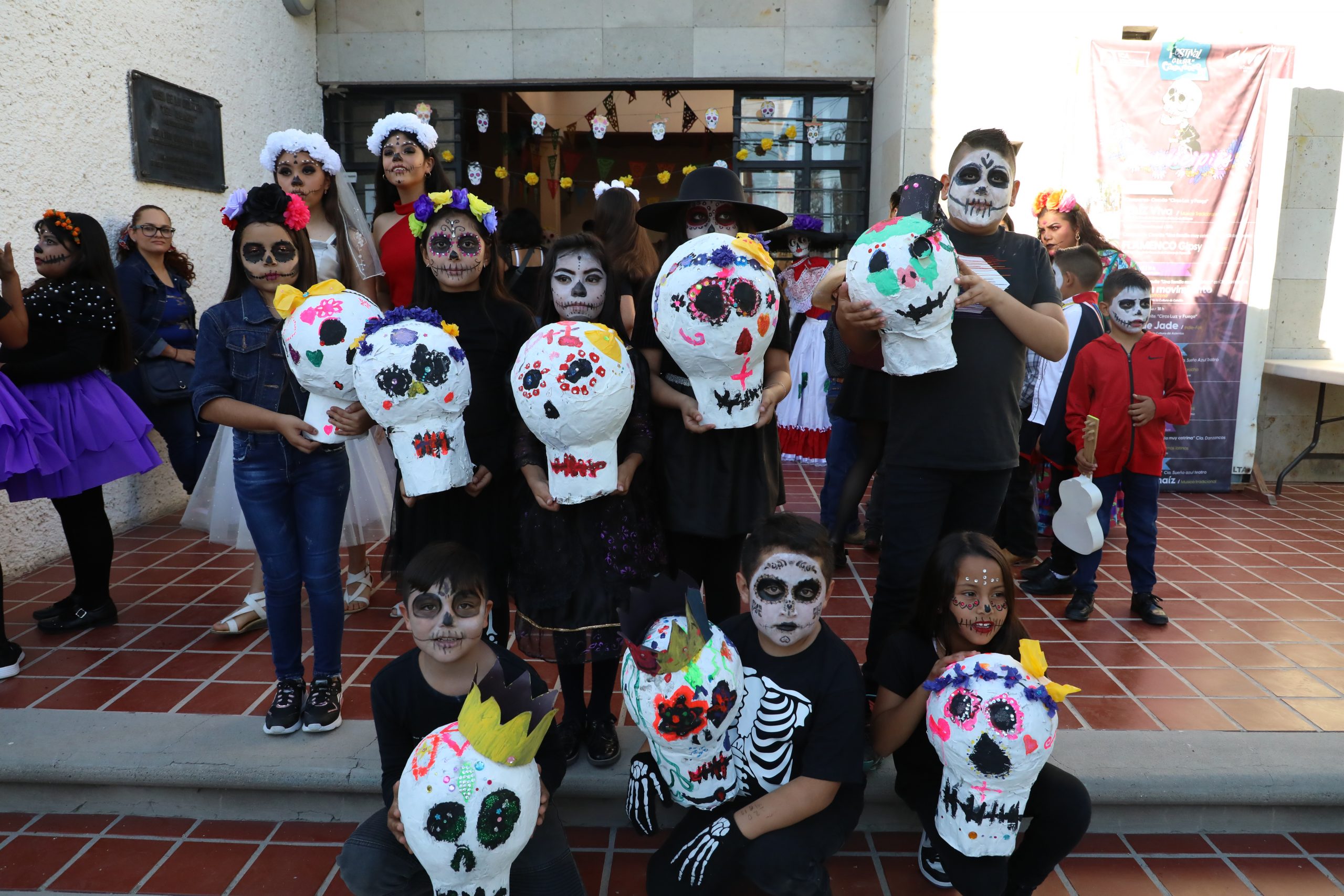 FAMILIAS DE LOS MUNICIPIOS DISFRUTARON EN GRANDE EL FESTIVAL CULTURAL DE CALAVERAS 2022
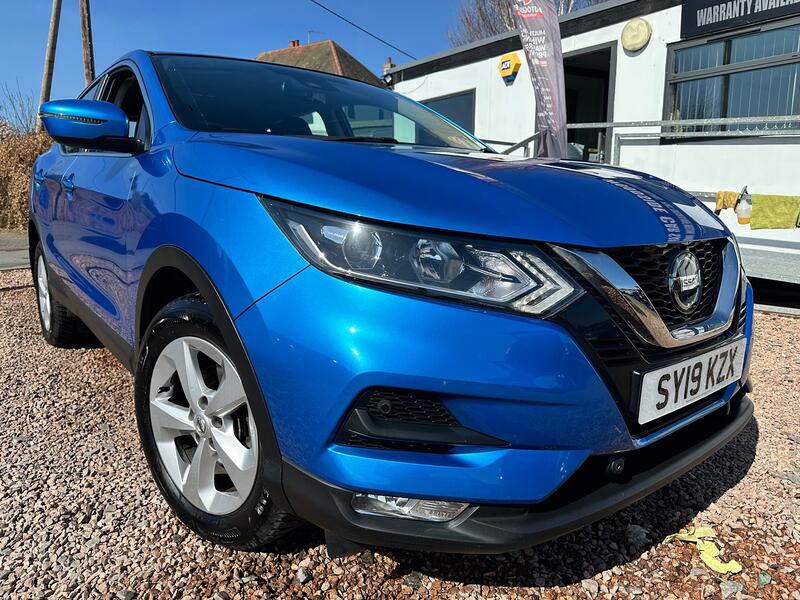 View NISSAN QASHQAI AUTOMATIC DIESEL 1.5 dCi Acenta Premium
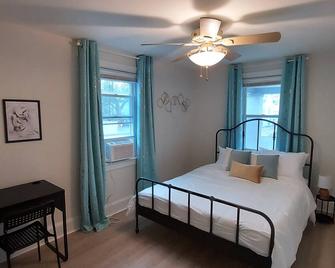 Family Friendly Apt in a Quiet Neighborhood - Trenton - Bedroom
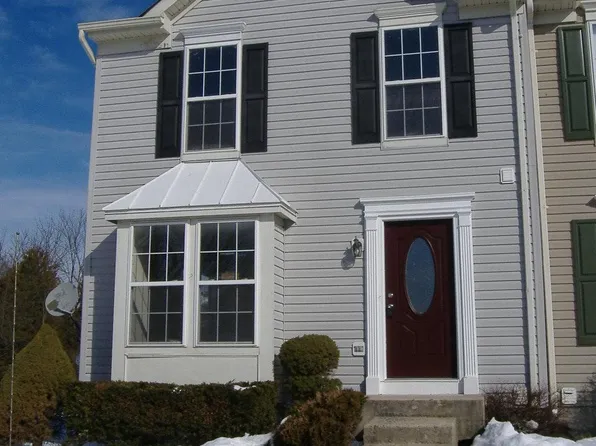 1207 Hunter Ln, Perkiomenville, PA 18074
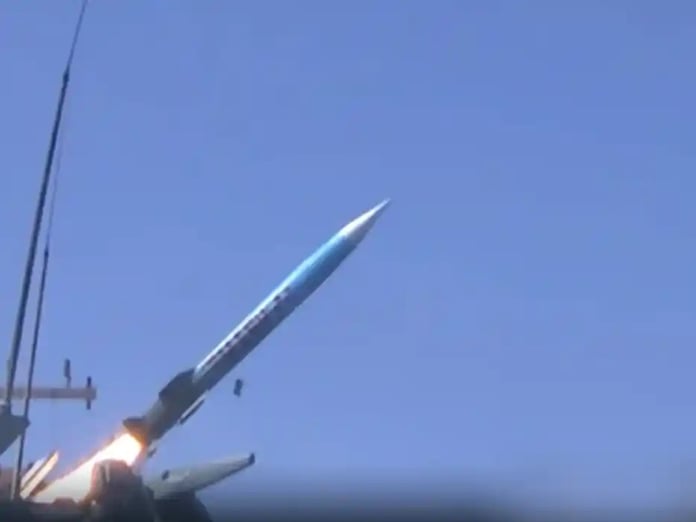 Pakistan MİLGEM korvetinden P-282 SMASH balistik füzesi test edildi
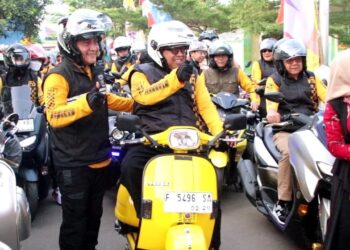 Ribuan Peserta Ikuti Touring Sukabumi Ngabumi Jilid 2 Tempuh 280 KM, Bupati Marwan Gunakan Vespa Jadoel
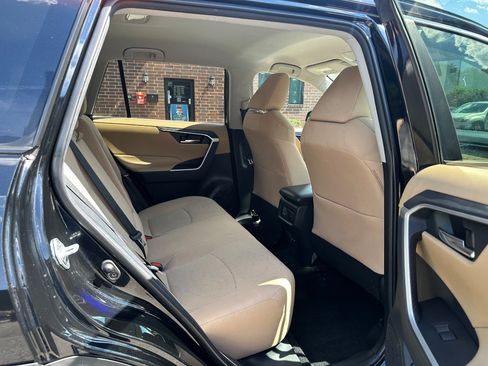Used 2021 Toyota RAV4 XLE FWD image 15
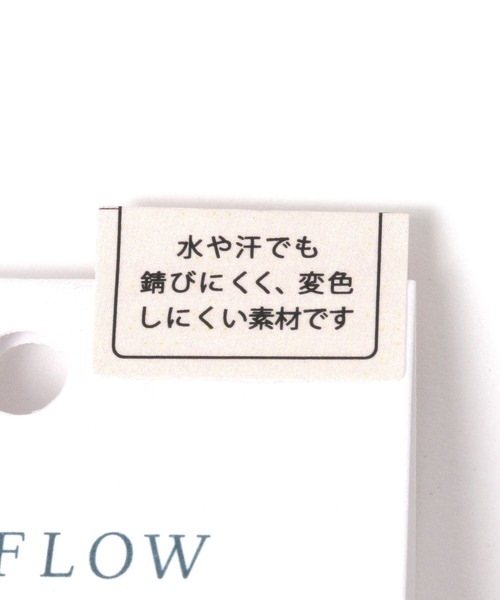 BAYFLOW（ベイフロー）の「ステンレスY字ノットロングネックレス（ネックレス・レディース・イエロー/ライトグレー・FREE）」の4枚目の写真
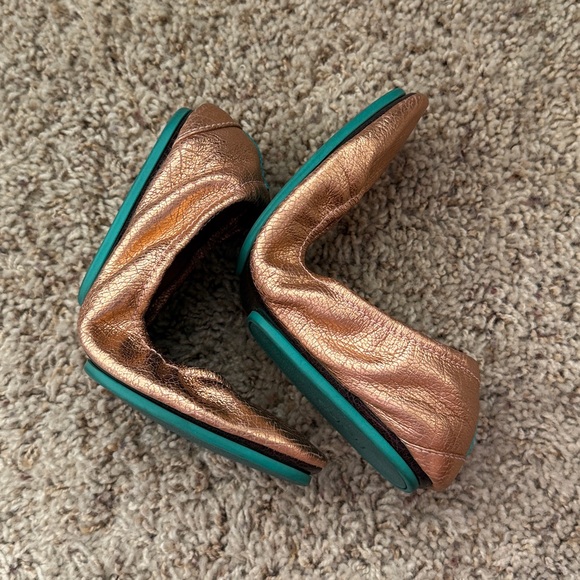 Tieks Women's Rose Gold Glam Metallic Copper Ballet Flats - Picture 9 of 15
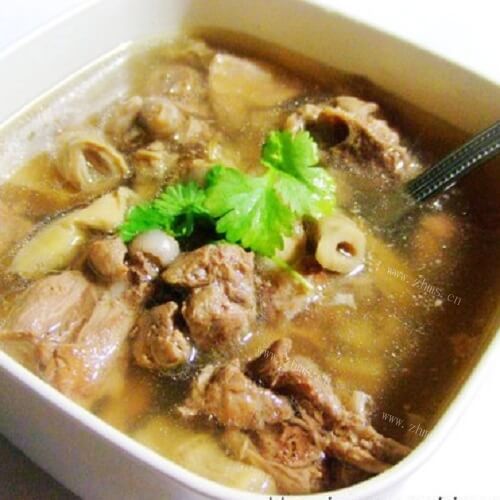 美味的鸭肉笋尖汤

_Description of the task:_ What you need to copy is the run of lines from the one holding "View NISSAN QASHQAI" through the end of the data, exactly and only, both ends included, pictures omitted.

_Your response:_
 View NISSAN QASHQAI AUTOMATIC DIESEL 1.5 dCi Acenta Premium
 Family Friendly Apt in a Quiet Neighborhood - Trenton - Bedroom
 1207 Hunter Ln, Perkiomenville, PA 18074
 Pakistan MİLGEM korvetinden P-282 SMASH balistik füzesi test edildi
 Ribuan Peserta Ikuti Touring Sukabumi Ngabumi Jilid 2 Tempuh 280 KM, Bupati Marwan Gunakan Vespa Jadoel
Used 2021 Toyota RAV4 XLE FWD image 15
 BAYFLOW（ベイフロー）の「ステンレスY字ノットロングネックレス（ネックレス・レディース・イエロー/ライトグレー・FREE）」の4枚目の写真
 Tieks Women's Rose Gold Glam Metallic Copper Ballet Flats - Picture 9 of 15
 美味的鸭肉笋尖汤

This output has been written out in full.